=== Exercise goal ===
Your reply is to be the lines below, exactly as written, with images omitted.

=== Provided material ===
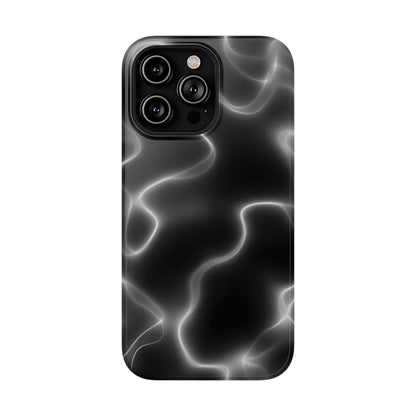 Electric Black Glow Phone Case – MagSafe Compatible for iPhone & Samsung Galaxy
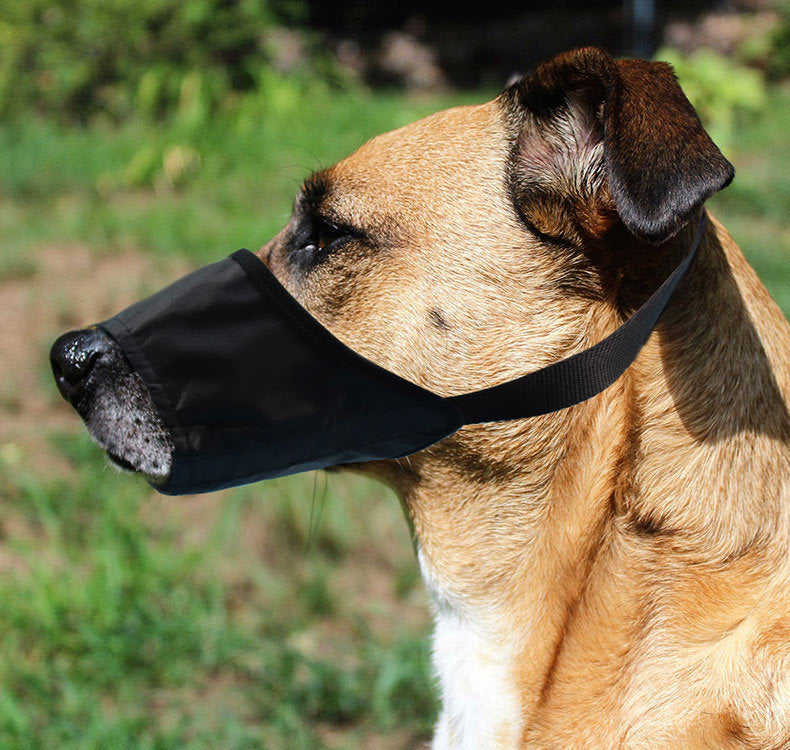 Waterproof Dog Muzzle Anti-bite Mouth Cover Barking Stopper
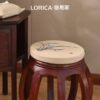 Chinese round stool cushion, round mahogany chair, drum stool seat cushion, bay window, floor-sitable R washer chair, non-slip rattan chair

=== Reply ===
 Electric Black Glow Phone Case – MagSafe Compatible for iPhone & Samsung Galaxy
 Waterproof Dog Muzzle Anti-bite Mouth Cover Barking Stopper
 Chinese round stool cushion, round mahogany chair, drum stool seat cushion, bay window, floor-sitable R washer chair, non-slip rattan chair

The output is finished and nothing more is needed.